Bachelors Anonymous by P.G. Wodehouse


I find I consistently come back to Wodehouse as a palate cleaner after reading something really good. There are very few writers who can compare to Kelly Link -- whose book of short stories Get in Trouble I was reading just before Bachelors Anonymous -- but Wodehouse can stand any comparison.

Yes, his work is artificial. Yes, it's entirely constrained. Yes, it's set in a world almost entirely unlike our own in a million tiny ways. Yes a thousand yesses.
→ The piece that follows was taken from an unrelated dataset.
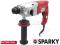 MŁOTOWIERTARKA 710 W SPARKY SDS+ BPR 241E HD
But it's also magnificent in its artificiality, precise and sublime in its construction, and built with exquisite care out of words chosen to be exact and tight-fitting -- like the most brilliantly useless hypercar ever, a gleaming and glorious monument to silly excess.

And, on the other hand, I have scattered across my shelves books that are perfectly nice -- some of them may be vastly better than that, for all I know -- but were less stylistically inventive or obviously well-written than something transcendent that I read before them. When that happens, the later book feels like a trudge and a slog, and I've learned to just give up quickly at that point. So there have been a few dozen things that I read ten or fifty pages of but felt only meh. I've found, from long trial-and-error, that only one writer will consistently transcend the deadly Every-novel-is-meh Syndrome: Wodehouse. (The other path involves diving into nonfiction for a while, and is less quick. Because a book of nonfiction may also become meh.)

So Wodehouse is now my go-to after a book that would otherwise beg comparisons to anything more realistic or contemporary. Luckily, Wodehouse wrote nearly a hundred books in his life, and nearly all of them are in print in those lovely little Overlook Press hardcovers. (And I have a stuffed-full shelf of them to choose from.) This particular little morsel is from the very end of his long writing life, published in 1973, just a couple of years (literally) before Wodehouse's knighthood and subsequent death. (I am not here claiming a connection. I haven't made a serious study of the timeframe.)

As typical with Wodehouse, it's about people falling in love, or trying not to. Young men and women -- and some older ones as well -- mostly connected with the arts (a movie mogul, a playwright, a journalist, an actress...but also a lawyer or two and a nurse, eventually) who just need to find each other, struggle through the usual plot complications and settle down. This time out, though, there is an organization -- the title group, out of Hollywood -- that helps its members keep themselves unmarried rather than going around for what may be the sixth time.

Can the force of true love win out over silly misunderstandings and a pseudo-twelve-step group? Well, of course it can: this is Wodehouse.

Bachelors Anonymous is late Wodehouse, which means it's a bit short and not quite as rococo as his best, but it's sunny and amiable and funny and glorious and entirely entertaining. And, having read it, I'm ready to jump back into anything else.